→ Brief
Your copy of the data should match it exactly, except that the pictures are gone.

[Records from a collection]

^^^^^^^^

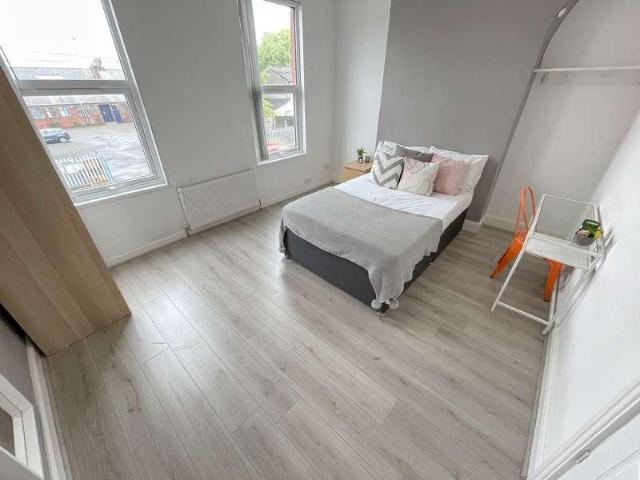 Apartment for rent in Kensington, Calderstones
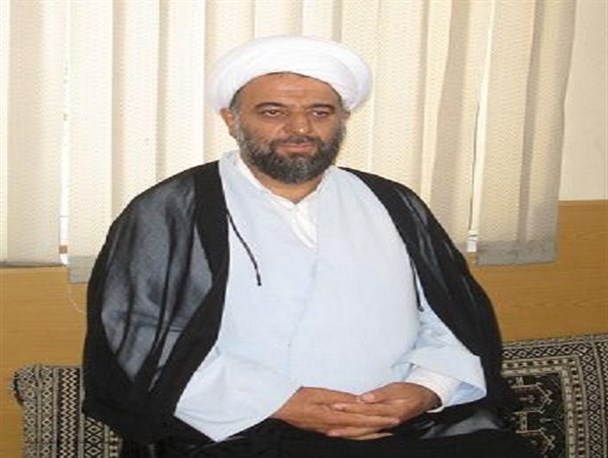 حاج آخوند عابدی کر عامل مهمی در وحدت و انسجام بین شیعه و سنی در بندرترکمن است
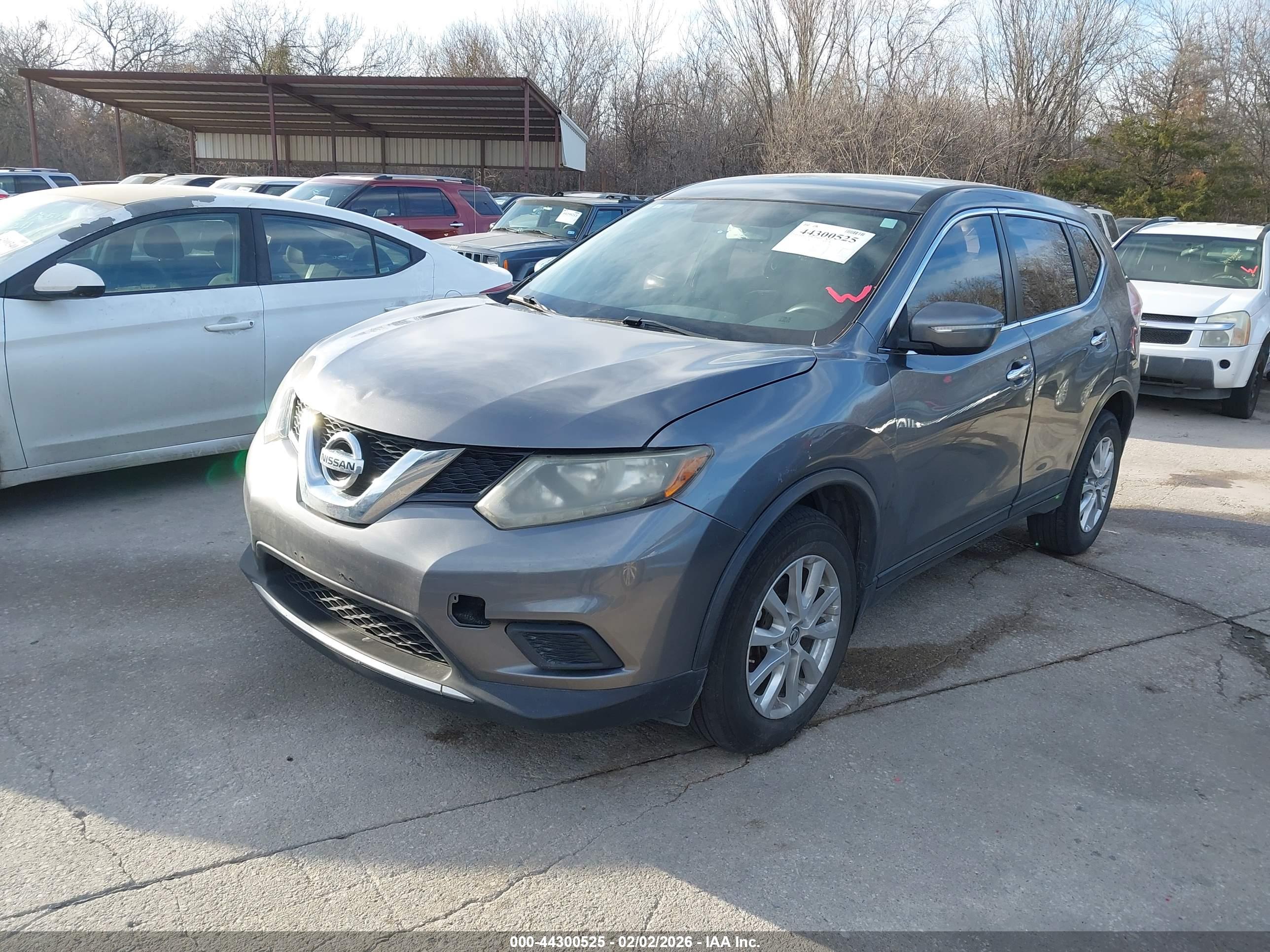 NISSAN ROGUE image 2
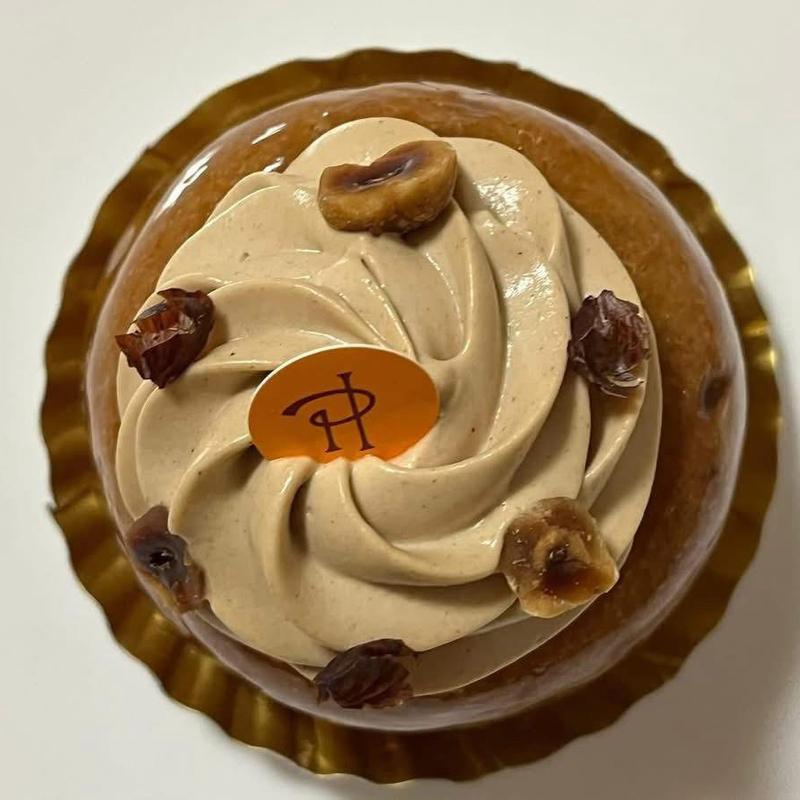 ババアンフィニマンノワゼット(ピエール・エルメ・パリ 二子玉川東急フードショー （PIERRE HERME PARIS）)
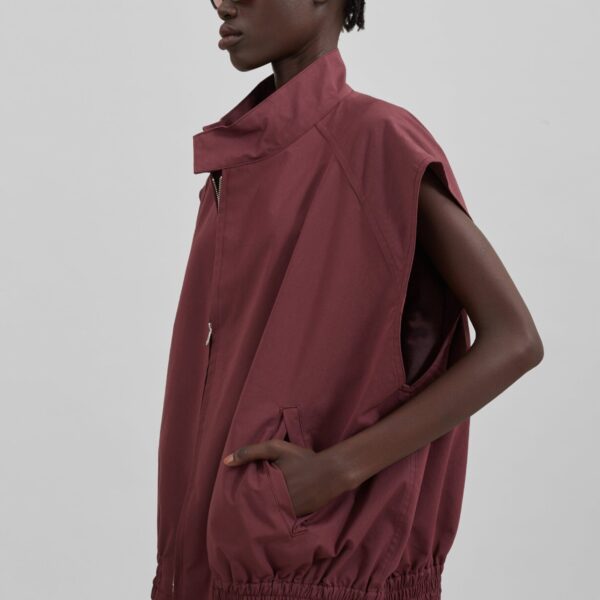 The Frankie Shop Lance Sleeveless Bomber Jacket – Burgundy, view 2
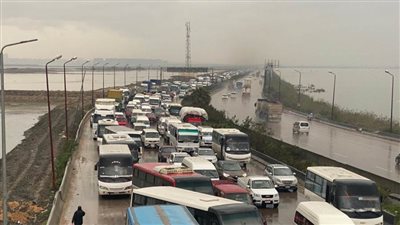 محافظ الإسكندرية: عودة سيولة الحركة المرورية بين 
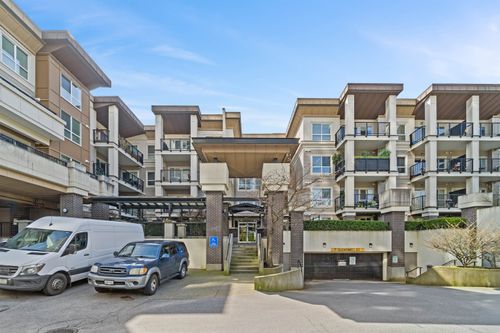 328-9655 King George Blvd, Surrey, BC, V3T0C7 | Card Image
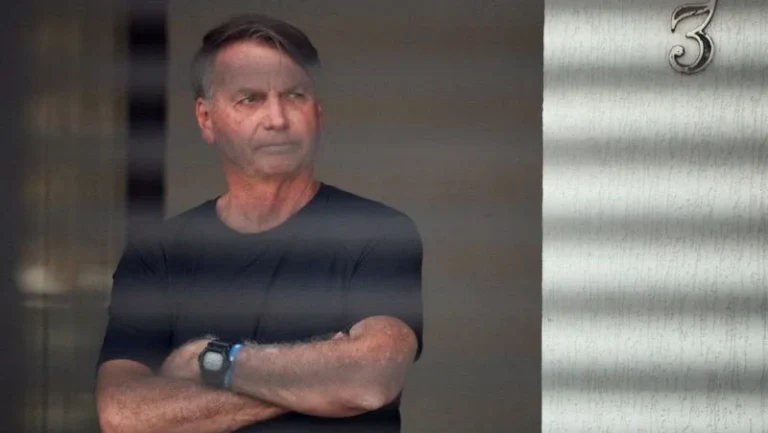 Bolsonaro deve passar por audiência de custódia neste domingo (23)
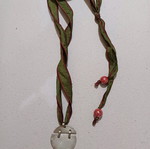 Necklace new, beautiful and unique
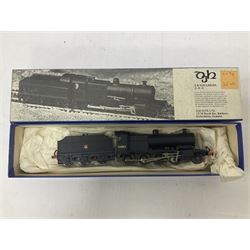 ‘00’ gauge - kit built S&DJR/LMS/BR 2-8-0 no.53807 steam locomotive and tender, finished in BR black with DJH Models box; with further kit built Standard Class 9F 2-10-0 steam locomotive and tender no.92026 finished in BR black (2) 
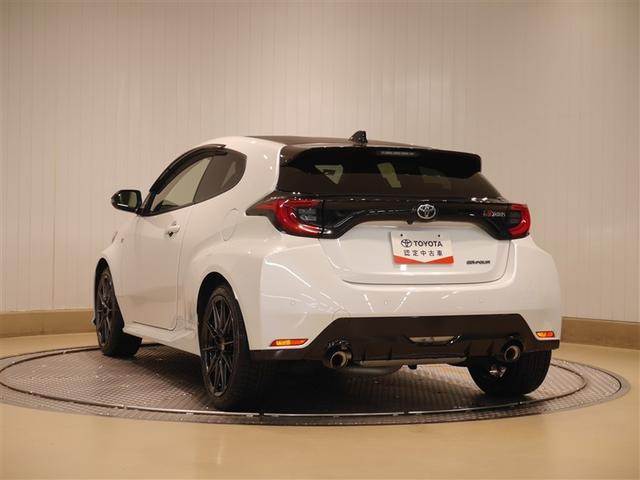 ＧＲヤリス ＲＺ　ハイパフォーマンス　１オーナ　Ｉストップ　ＬＥＤヘッド　盗難防止システム　バックガイドモニター　ＡＷＤ　フルオートエアコン　横滑り防止装置付き　アクティブクルーズコントロール　スマートキ－　ミュージックプレイヤー接続可（3枚目）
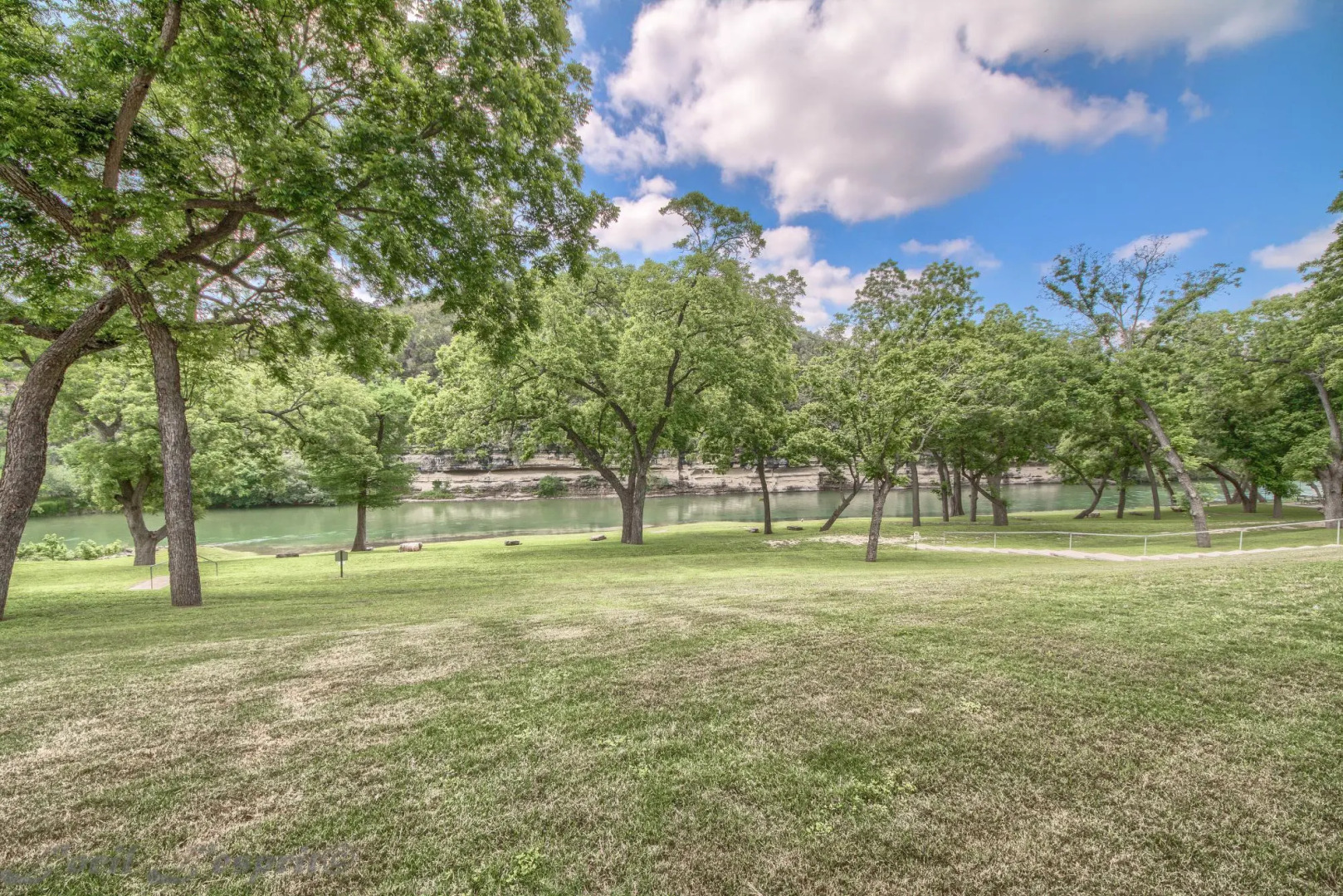 Rio Refuge RG 105 in Canyon Lake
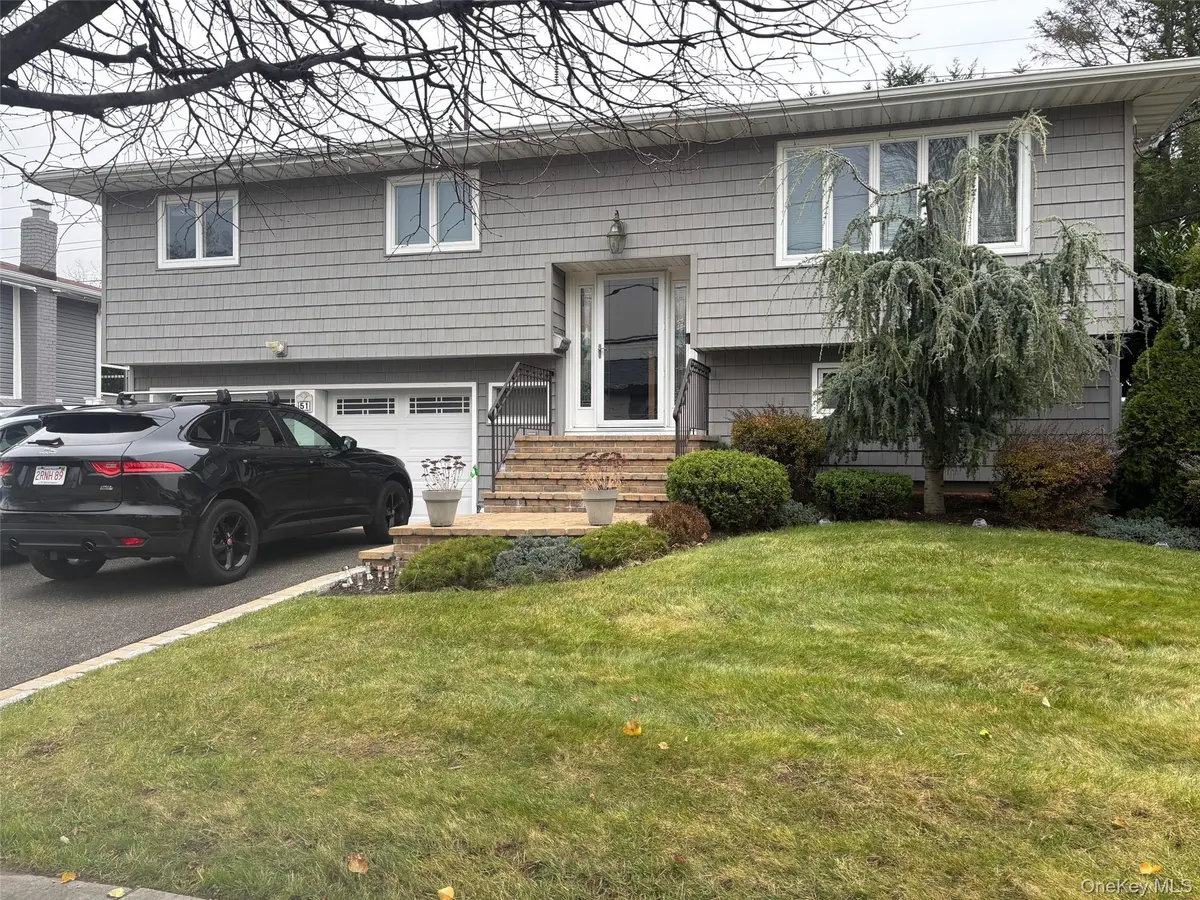 51 Deer LN, Hicksville, NY 11801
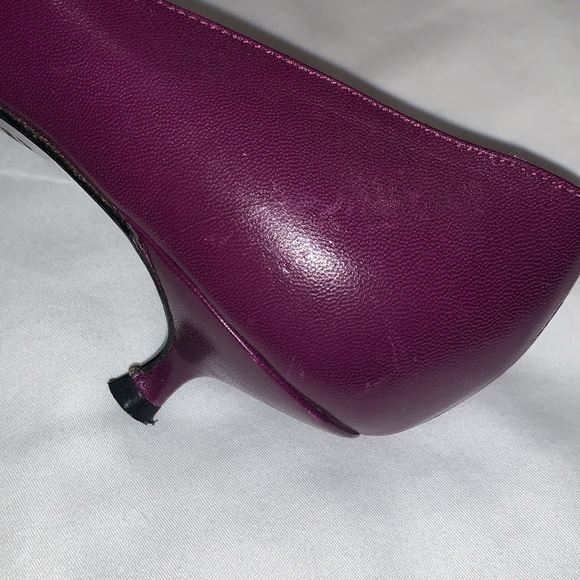Marc Jacobs Purple Leather Pointed Toe w/Buttons Kitten  Heels Pumps - Picture 4 of 8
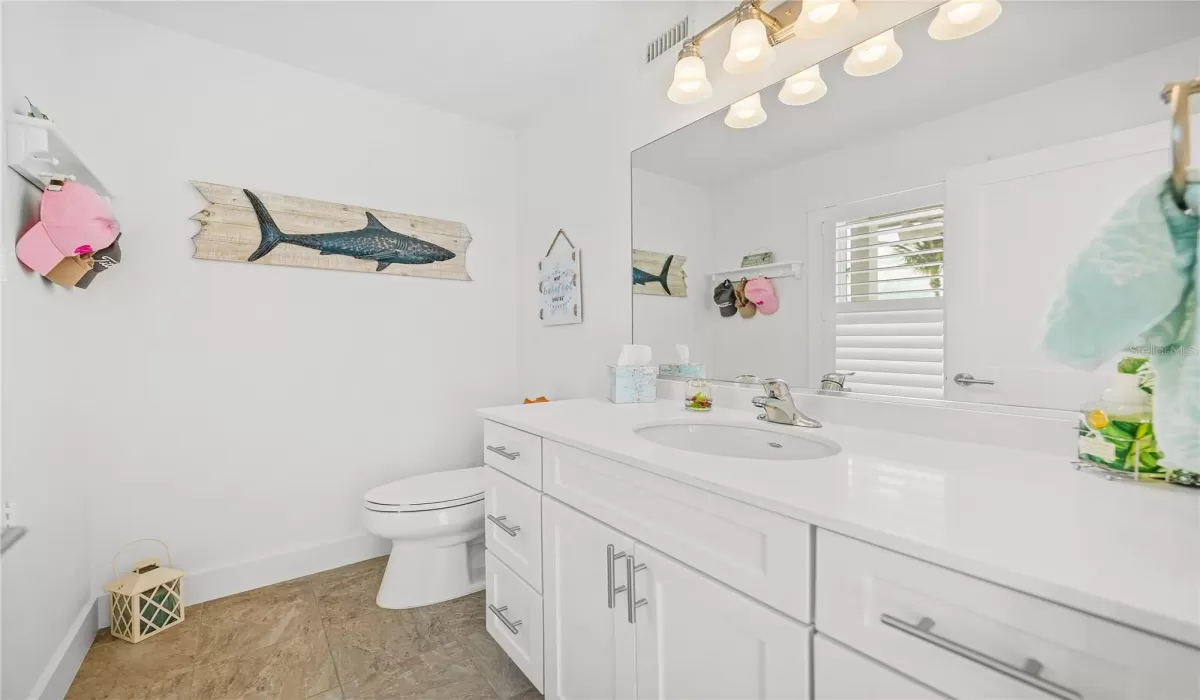 2 Bedrooms Bedrooms, 0 ,2 BathroomsBathrooms,Residential,For Sale,0,D6145526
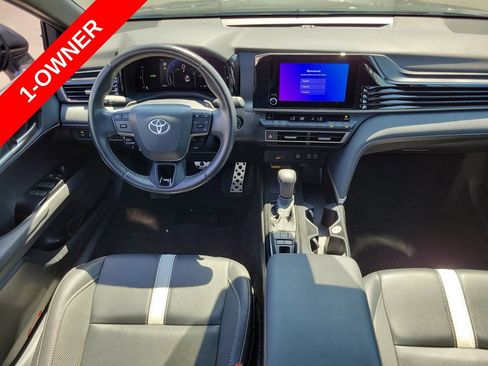 Used 2025 Toyota Camry SE FWD image 14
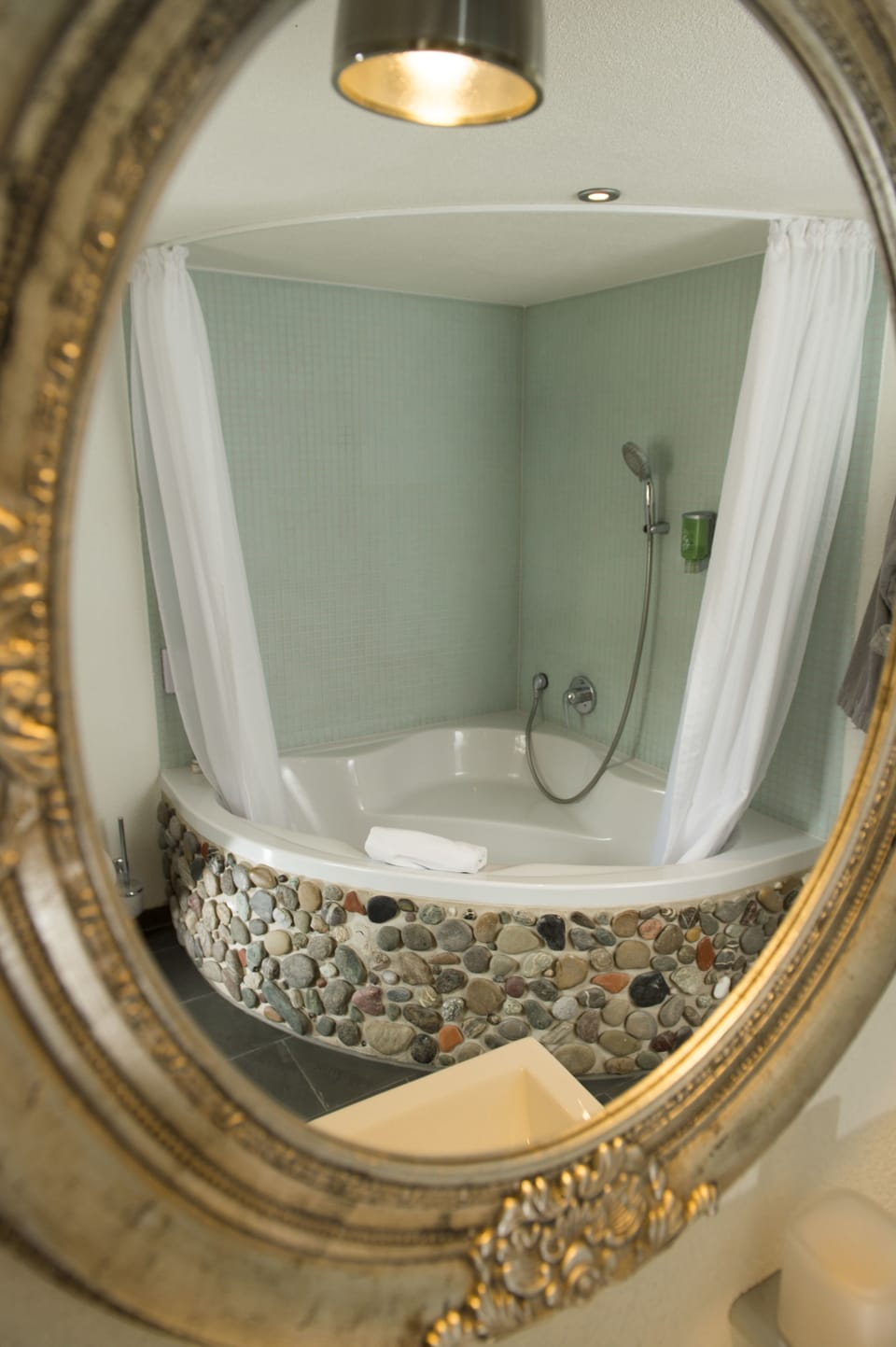 Deluxe Double Room | Bathroom | Deep soaking tub, hair dryer, bathrobes, towels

^^^^^^^^

→ Output of the exercise
 Apartment for rent in Kensington, Calderstones
 حاج آخوند عابدی کر عامل مهمی در وحدت و انسجام بین شیعه و سنی در بندرترکمن است
 NISSAN ROGUE image 2
 ババアンフィニマンノワゼット(ピエール・エルメ・パリ 二子玉川東急フードショー （PIERRE HERME PARIS）)
 The Frankie Shop Lance Sleeveless Bomber Jacket – Burgundy, view 2
 محافظ الإسكندرية: عودة سيولة الحركة المرورية بين 
 328-9655 King George Blvd, Surrey, BC, V3T0C7 | Card Image
 Bolsonaro deve passar por audiência de custódia neste domingo (23)
 Necklace new, beautiful and unique
 ‘00’ gauge - kit built S&DJR/LMS/BR 2-8-0 no.53807 steam locomotive and tender, finished in BR black with DJH Models box; with further kit built Standard Class 9F 2-10-0 steam locomotive and tender no.92026 finished in BR black (2) 
 ＧＲヤリス ＲＺ　ハイパフォーマンス　１オーナ　Ｉストップ　ＬＥＤヘッド　盗難防止システム　バックガイドモニター　ＡＷＤ　フルオートエアコン　横滑り防止装置付き　アクティブクルーズコントロール　スマートキ－　ミュージックプレイヤー接続可（3枚目）
 Rio Refuge RG 105 in Canyon Lake
 51 Deer LN, Hicksville, NY 11801
Marc Jacobs Purple Leather Pointed Toe w/Buttons Kitten  Heels Pumps - Picture 4 of 8
 2 Bedrooms Bedrooms, 0 ,2 BathroomsBathrooms,Residential,For Sale,0,D6145526
 Used 2025 Toyota Camry SE FWD image 14
 Deluxe Double Room | Bathroom | Deep soaking tub, hair dryer, bathrobes, towels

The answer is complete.